How will COVID-19 influence the New Pact? 

The coronavirus pandemic will likely impact more than just the timing of the release of the New Pact on Migration and Asylum. To slow the spread of the virus, countries in the visa-free Schengen Zone have reintroduced border controls. This may shift the focus of the New Pact to have a stronger emphasis on mobility within the EU and how the Schengen area should respond to future epidemic threats, according to Neidhardt. 

Several countries, including EU member state Hungary, have used the virus as an excuse to suspend access to asylum, and there’s a risk that policies like this will stay in place even after the pandemic ends.

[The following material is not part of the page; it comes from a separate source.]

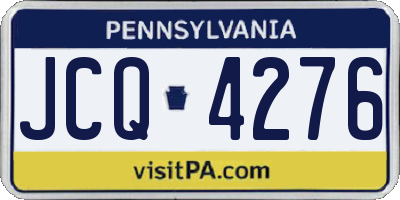 PA license plate JCQ4276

Frouws also worries that the emphasis on limiting mobility due to COVID-19 could lead to an even stronger emphasis on partnerships with third countries and efforts to constrain movement in the future. 

At the same time, migrant rights advocates have seen some developments in various EU countries during the pandemic that are promising, including people being released from migration detention, deportations being put on pause, social welfare and medical benefits being extended to undocumented migrants, and efforts to regularise the status of undocumented people, according to information compiled by PICUM.  

“Countries are now, more than ever, realising the extent to which certain sectors are heavily reliant on migrant labour,” Frouws said. “I hope this will have some positive influence on the Pact in terms of finally getting serious about… scaling up legal labour migration channels.”

In the long term, he is also hopeful that the restrictions on movement many people around the world have experienced during lockdowns may lead to more empathy. “Suddenly, all of us who are not used to [it] are experiencing a lack of freedom of movement; we are experiencing being involuntarily stuck in a place and not able to reach our families; dealing with all kinds of restrictions,” he said. “This is the daily reality of... refugees and migrants.”